EDITORIAL – MAY 2024 – WEST CAN LEARN FROM INDO-PACIFIC TRENDS
West can learn from Indo-Pacific trends
The stinging commentary from the Western press on India’s ongoing general election has exposed worrying misunderstandings on what is unfolding in the Indo-Pacific region.
Voters in the world’s biggest democracy are repeating their choice for the same strong, charismatic leader who has led their government for the past ten years.
Yet, while arguing that democracy is the most legitimate method of governance, Western commentators are belittling India’s choice.
‘Modi’s Sledgehammer Politics Are Battering Indian Democracy,’ says Bloomberg.
‘Is India’s BJP the world’s most ruthlessly efficient political party?’ corroborates the Financial Times, while the Australian Institute of International Affairs argues there is ‘Increasing Authoritarianism in India under Narendra Modi’.
These negative headlines expose unresolved contradictions on how the West condescendingly views developing societies.
India occupies a mid-way position within the much-debated rivalry between democracy and authoritarianism. Delhi’s policy of multi-alignment – whereby it can forge an equally strong relationship with Russia and the United States –is now a magnet of attraction for a collection of nations dissatisfied with the present US-led world order.
These nations do not want to overturn or re-write that order as, perhaps, China and Russia do. But they do want to see moves towards real modernisation and reform that is not yet happening.
The West’s faltering reputation is only worsened by the cherry-picking of its values, selectively deciding to whom and when its rules about human rights and moral high ground apply. The Gaza war is a recent example.
From this, four Indo-Pacific trends are emerging.
The first from America is a hardening of policies to ward off expanding Chinese influence, on which there is rare and broad bi-partisan agreement in the US Congress.
Former deputy national security adviser, Matt Pottinger, co-authored a piece in the influential Foreign Affairs magazine arguing that America’s contest with China cannot be just managed. It must be won, raising that grim spectre of the West’s clear-cut victory over the Soviet Union in the Cold War. A generation later, we have dreadful blowback.
Pottinger’s scenario is unwelcome in the Indo-Pacific. which has long argued it does not want to choose between superpowers, bringing us to the second trend of the region:developing the policy of multi-alignment.
Two mid-power Asian nations are the sprawling archipelagos of Indonesia and the Philippines. Last month the Philippine president was in Washington, while the Indonesian president elect was courting Xi Jinping in Beijing.
The third trend is China itself, and an incorrect calculation among some leading analysts that its growth has peaked.
Indeed, President Xi Jinping has won few friends through his antagonistic ‘Wolf Warrior’ foreign policy and his handling of the faltering economy at home, where investors are shying away, and unemployment is high.

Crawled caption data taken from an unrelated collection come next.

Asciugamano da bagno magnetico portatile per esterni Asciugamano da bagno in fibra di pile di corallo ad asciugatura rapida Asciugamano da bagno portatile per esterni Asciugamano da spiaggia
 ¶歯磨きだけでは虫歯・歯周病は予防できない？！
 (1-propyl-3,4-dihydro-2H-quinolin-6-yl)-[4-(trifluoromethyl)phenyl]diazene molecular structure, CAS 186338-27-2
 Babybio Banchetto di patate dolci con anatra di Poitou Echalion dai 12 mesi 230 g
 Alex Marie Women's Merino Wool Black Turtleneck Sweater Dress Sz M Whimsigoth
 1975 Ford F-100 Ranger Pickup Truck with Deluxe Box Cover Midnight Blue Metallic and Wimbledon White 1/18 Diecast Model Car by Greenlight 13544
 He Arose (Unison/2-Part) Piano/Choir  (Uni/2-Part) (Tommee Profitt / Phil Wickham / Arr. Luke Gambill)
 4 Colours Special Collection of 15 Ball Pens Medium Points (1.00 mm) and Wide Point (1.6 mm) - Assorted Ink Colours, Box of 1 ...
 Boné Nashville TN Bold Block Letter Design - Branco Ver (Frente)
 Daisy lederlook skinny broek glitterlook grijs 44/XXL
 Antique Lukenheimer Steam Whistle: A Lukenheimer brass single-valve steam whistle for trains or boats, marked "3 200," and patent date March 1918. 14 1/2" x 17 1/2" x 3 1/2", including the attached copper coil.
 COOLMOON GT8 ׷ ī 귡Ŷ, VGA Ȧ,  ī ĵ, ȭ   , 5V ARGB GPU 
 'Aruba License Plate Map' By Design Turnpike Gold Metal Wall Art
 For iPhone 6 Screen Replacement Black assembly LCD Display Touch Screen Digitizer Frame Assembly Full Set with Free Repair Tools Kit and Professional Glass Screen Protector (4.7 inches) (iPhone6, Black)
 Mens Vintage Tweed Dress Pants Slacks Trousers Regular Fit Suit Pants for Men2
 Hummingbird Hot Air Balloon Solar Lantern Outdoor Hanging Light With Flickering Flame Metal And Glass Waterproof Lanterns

But the China-peak argument is misguided because political and economic pendulums are routine in any development, and it ignores Beijing’s formidable long-term vision, attractive to that swathe of nations frustrated at the way the US does business.
China is offering itself as an agent of change while the US is defending an outdated status quo.
The fourth trend is the miscalculation by Western analysts over India.
Those negative election headlines reflect a disappointment that India is not moving ahead in a way the West envisages. Similar high-profile disappointments have unfolded with Afghanistan, China, Iraq and Russia.
With India, this error of judgement has broad strategic ramifications.
Washington has been gambling that by treating India as a partner, the country would unequivocally side against China in the ongoing rivalry, even though the simplistic good-versus-evil of American politics belies realities on the ground.
India’s growth needs to feed off China’s economy, while geographical proximity means the two nations will inescapably be linked for centuries to come.
At the same time, China’s success against India’s plays no small part in Narendra Modi’s tilt toward authoritarianism. China’s autocracy has led to its status of a global superpower while – with its more rigid adherence to Western values –India remains relatively poor.
There is much for the West to learn from these Indo-Pacific trends – namely that beneath the headlines lie tapestries of nuance which are forging a new and influential world.